IPAL (Image and Pervasive Access Laboratory) is a joint international research laboratory representing French and Singaporean academic partners. Created in 1998 as an overseas laboratory for the French National Centre for Scientific Research (CNRS), it obtained in 2007 the highest scientific ranking among CNRS labs outside of France.
IPAL research activities benefit from a close collaboration between its French academic partners (CNRS, Institute Mines-Télécom, Pierre et Marie Curie-Sorbonne University, and University of Grenoble-Alpes) and Singaporean partner institutions (Institute for Infocomm Research/A*STAR and National University of Singapore).
With a focus on ‘Inclusive Smart Cities and Digital Health’, we develop AI solutions aimed at improving quality of life of frail people (mainly ageing but also people with chronic conditions such as asthma or type II Diabetes) and engaging them in pursuing healthy and active lifestyles. Our research is in line with the Smart Nation initiative launched in Singapore and is supported by the Horizon 2020 European Research Program.
How are the field and needs of preventive healthcare evolving?
The number of ageing initiatives in Singapore has increased, notably with the launch of the S$3 billion “Successful Ageing” Action Plan unveiled in 2015. This plan has more than 70 initiatives covering different areas – health and wellness, learning, employment, housing, transport, public spaces, respect and social inclusion, retirement adequacy, etc – to prepare Singapore for rapid population ageing in the next decades.

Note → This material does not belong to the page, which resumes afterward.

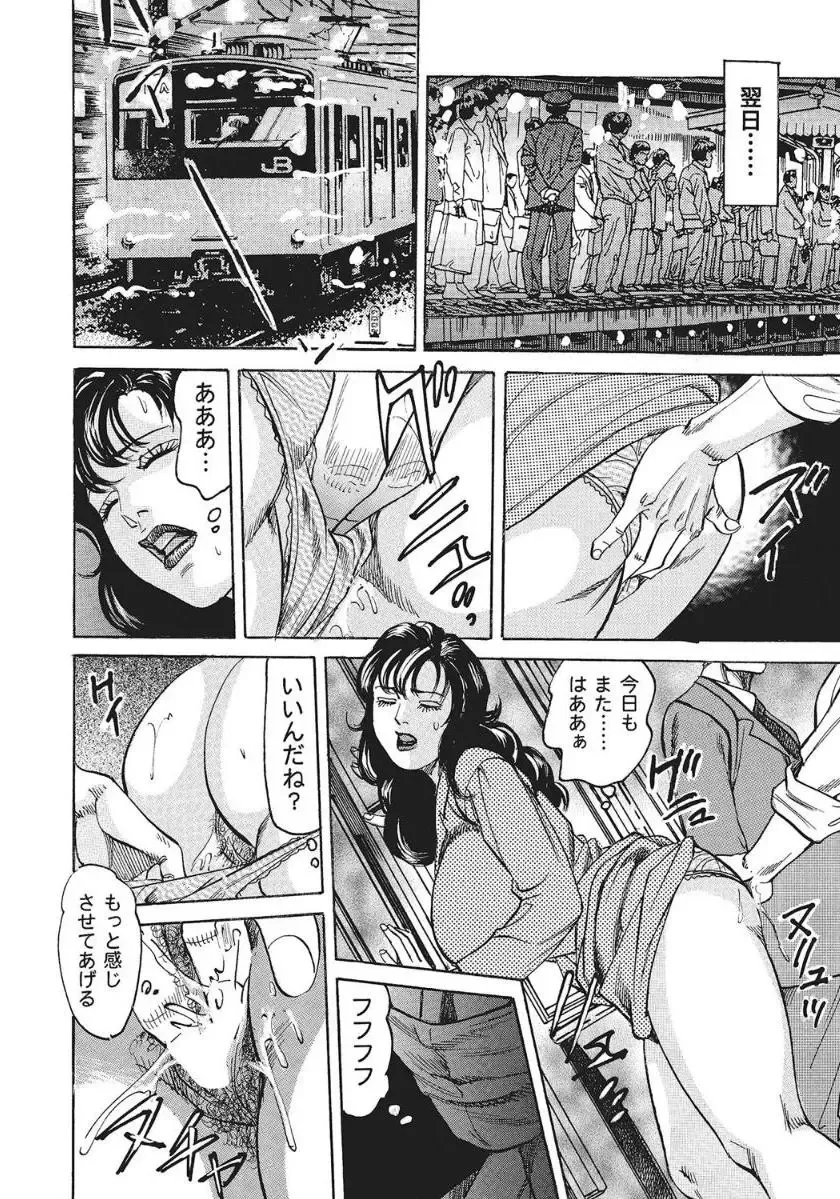 [Mizushima Sei] Chikan Densha to Bijukubo Fhentai - Page 8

Government agencies are keen on encouraging ICT and AI investments in the field of ageing and well-being. Many testbeds are being run in different neighbourhoods to push forward the research on healthcare sensors, activity recognition, fall detection, mobile coaching, quality-of-life tracking, turning the city-state into a living lab for smart technologies.
In this context, IPAL is working on an innovative solution called UbiSmart, a B2B or B2C digital platform that provides visualisation, understanding and assessment of an individual’s behaviour in a specific environment. UbiSmart works hand-in-hand with a specific set of sensors capable of collecting data from an individual or a segment of population in any given environment. That data is then treated to reveal different activity patterns and behavioural changes, and sends alerts when intervention is needed. UbiSmart sets solid ground in the field of preventive healthcare by empowering individuals and cities in early detection of risks associated with frailty and ageing.
How is the role of social and health services evolving in the care of an increasingly ageing world population?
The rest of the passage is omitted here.